Mr Chen Show Mao: To ask the Prime Minister what mechanisms are in place to prevent, limit, detect, and address situations where Ministers or political appointees use state organs to obtain information not related to the performance of their duties, advance personal interests or punish detractors, critics, or political opponents.
Mr Pritam Singh: To ask the Prime Minister in view of public concerns over allegations of abuse of power over the matter of 38 Oxley Road, whether he supports a motion to set up a special Select Committee of Parliament, comprising Members from all parties, to receive relevant evidence and with public hearings that are broadcast live.

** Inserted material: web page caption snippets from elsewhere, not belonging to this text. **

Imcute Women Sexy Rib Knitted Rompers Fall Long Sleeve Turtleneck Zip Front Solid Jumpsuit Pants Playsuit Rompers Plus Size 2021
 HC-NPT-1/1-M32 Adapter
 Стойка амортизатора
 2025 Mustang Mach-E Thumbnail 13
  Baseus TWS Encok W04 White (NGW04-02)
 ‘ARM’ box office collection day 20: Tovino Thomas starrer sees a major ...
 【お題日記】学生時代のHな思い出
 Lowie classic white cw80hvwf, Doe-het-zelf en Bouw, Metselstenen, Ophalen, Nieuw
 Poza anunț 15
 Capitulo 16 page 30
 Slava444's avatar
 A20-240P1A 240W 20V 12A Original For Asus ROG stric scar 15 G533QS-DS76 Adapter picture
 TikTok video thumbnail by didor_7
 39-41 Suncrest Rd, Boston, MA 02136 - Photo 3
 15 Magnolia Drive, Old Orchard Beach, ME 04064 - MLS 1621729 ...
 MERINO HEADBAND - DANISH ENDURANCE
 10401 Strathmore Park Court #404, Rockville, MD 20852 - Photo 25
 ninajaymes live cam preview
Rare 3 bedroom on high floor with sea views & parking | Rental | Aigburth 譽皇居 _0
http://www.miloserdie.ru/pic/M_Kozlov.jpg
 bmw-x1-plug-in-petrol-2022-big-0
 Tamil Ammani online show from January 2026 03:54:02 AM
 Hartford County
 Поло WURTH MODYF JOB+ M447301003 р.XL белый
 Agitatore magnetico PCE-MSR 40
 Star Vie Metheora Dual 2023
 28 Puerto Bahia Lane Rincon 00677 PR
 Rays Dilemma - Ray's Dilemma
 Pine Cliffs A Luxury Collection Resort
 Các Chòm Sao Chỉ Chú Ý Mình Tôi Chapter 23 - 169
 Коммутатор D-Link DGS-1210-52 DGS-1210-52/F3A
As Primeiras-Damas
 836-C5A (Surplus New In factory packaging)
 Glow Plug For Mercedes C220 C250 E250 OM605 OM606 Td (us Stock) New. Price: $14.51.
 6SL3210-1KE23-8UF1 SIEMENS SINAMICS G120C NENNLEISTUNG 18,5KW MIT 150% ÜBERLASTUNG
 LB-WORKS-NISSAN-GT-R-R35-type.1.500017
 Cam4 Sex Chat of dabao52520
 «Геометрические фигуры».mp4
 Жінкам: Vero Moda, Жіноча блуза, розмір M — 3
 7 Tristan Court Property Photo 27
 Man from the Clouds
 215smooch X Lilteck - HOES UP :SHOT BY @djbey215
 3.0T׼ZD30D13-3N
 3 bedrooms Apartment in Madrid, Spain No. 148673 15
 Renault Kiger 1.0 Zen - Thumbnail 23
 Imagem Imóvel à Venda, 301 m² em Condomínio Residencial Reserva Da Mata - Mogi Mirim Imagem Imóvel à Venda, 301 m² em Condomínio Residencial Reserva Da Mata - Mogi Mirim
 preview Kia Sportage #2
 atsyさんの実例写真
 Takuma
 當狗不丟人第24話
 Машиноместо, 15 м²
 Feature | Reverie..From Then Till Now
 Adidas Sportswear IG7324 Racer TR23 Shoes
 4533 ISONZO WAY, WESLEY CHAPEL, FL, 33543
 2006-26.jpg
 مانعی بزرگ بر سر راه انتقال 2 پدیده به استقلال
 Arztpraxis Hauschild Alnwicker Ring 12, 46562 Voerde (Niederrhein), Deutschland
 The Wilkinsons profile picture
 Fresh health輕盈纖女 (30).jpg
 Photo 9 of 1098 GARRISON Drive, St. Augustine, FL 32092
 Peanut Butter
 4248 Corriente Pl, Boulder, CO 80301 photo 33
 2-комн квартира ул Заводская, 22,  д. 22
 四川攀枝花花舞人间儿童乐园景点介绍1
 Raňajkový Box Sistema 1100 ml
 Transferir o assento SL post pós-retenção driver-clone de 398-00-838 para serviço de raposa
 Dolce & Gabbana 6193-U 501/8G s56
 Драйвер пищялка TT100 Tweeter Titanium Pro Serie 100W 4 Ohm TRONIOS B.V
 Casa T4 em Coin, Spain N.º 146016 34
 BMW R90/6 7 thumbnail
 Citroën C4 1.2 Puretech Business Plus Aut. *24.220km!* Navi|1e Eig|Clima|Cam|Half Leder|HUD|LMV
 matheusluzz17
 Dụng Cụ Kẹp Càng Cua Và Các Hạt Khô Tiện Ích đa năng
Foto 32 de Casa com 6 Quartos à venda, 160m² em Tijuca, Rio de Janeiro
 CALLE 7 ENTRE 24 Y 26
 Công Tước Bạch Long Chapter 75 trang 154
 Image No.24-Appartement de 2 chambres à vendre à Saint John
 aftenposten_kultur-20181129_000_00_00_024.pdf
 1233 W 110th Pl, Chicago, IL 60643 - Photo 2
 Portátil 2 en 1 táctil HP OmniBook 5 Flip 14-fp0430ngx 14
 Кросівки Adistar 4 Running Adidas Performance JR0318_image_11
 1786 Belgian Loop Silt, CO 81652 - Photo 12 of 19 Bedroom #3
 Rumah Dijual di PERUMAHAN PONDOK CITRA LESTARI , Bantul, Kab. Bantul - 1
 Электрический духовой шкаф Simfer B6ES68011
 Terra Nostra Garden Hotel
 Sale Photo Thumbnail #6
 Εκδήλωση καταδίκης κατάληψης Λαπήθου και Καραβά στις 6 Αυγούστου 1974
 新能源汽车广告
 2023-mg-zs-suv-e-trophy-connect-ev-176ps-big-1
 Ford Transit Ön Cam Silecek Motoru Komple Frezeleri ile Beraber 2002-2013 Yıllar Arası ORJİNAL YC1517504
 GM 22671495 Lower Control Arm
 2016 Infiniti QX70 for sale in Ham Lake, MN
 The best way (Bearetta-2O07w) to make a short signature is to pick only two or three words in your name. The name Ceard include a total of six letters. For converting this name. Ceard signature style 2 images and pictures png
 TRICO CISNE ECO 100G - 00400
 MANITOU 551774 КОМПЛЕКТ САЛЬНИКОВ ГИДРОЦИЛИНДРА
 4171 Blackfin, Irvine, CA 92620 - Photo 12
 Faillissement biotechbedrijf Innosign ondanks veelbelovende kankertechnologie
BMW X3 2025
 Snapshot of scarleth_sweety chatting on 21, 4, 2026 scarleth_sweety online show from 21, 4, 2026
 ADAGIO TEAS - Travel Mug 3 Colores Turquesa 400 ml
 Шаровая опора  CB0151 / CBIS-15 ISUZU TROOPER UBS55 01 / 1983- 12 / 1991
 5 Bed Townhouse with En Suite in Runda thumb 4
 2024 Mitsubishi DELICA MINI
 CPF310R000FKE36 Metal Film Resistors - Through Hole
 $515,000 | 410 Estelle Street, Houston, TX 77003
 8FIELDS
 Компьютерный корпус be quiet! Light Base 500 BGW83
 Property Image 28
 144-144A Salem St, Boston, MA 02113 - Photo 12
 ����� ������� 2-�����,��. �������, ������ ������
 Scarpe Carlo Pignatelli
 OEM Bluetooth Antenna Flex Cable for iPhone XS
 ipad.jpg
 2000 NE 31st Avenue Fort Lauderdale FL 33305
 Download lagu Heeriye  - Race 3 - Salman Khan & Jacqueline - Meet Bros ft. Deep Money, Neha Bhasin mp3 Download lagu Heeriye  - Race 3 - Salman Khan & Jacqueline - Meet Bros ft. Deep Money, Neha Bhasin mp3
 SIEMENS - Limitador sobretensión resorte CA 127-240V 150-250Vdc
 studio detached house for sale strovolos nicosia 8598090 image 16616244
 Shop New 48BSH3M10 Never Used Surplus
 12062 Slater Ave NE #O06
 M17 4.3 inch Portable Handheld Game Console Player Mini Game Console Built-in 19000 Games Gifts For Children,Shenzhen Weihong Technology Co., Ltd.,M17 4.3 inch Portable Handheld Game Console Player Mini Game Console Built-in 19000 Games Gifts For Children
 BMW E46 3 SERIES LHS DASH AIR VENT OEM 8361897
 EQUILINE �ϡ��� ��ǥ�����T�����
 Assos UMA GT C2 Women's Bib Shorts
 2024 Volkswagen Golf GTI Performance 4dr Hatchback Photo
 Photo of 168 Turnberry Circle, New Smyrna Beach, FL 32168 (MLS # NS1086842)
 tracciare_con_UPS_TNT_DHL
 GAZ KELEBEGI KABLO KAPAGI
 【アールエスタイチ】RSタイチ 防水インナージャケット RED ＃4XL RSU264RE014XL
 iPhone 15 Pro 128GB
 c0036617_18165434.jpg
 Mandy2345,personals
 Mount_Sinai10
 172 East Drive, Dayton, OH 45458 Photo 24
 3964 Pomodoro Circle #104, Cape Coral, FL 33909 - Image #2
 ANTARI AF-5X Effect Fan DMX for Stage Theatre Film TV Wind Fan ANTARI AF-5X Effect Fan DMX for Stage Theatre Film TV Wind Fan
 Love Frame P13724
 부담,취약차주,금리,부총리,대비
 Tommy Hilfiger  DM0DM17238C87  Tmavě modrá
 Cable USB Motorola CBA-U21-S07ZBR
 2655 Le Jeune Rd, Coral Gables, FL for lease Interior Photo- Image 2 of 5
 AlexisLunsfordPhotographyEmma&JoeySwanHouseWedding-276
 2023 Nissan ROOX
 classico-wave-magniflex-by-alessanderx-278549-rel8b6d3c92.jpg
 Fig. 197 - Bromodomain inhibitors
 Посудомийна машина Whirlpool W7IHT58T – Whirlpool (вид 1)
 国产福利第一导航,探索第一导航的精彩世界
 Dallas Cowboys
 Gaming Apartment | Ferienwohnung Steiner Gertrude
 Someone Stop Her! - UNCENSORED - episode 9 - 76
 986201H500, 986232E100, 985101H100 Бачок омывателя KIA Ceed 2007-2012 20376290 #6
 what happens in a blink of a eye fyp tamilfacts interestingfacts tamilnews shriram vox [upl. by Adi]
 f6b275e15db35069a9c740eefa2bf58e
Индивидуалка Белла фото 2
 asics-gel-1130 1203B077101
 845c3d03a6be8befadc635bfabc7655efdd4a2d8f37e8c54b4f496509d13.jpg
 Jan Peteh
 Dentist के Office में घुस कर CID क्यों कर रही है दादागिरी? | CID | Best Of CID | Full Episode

Mr Png Eng Huat: To ask the Prime Minister (a) what rules and directives are in place to prevent Ministers and political appointees from abusing their positions by allowing or condoning their family members to access, influence and direct senior civil servants on matters beyond their professional course of work; (b) how often are these rules and directives communicated to Ministers, political appointees and senior civil servants and in what form; and (c) how will such cases be treated when abuse of position and power is proven.
UPDATE: 16 PAP MPs, 5 WP MPs and 6 NMPs spoke on the issue in parliament. An earlier version of this article indicated that it appears that MPs from the ruling party have declined to question their party head on the dispute. We update this post to clarify that it appears that MPs from the PAP have declined to file questions prior to the session, as accurately reflected in the parliamentary session’s order paper.
PAP MP Louis Ng said that by not disclosing the questions prior to the parliamentary session, the debate is real and not staged.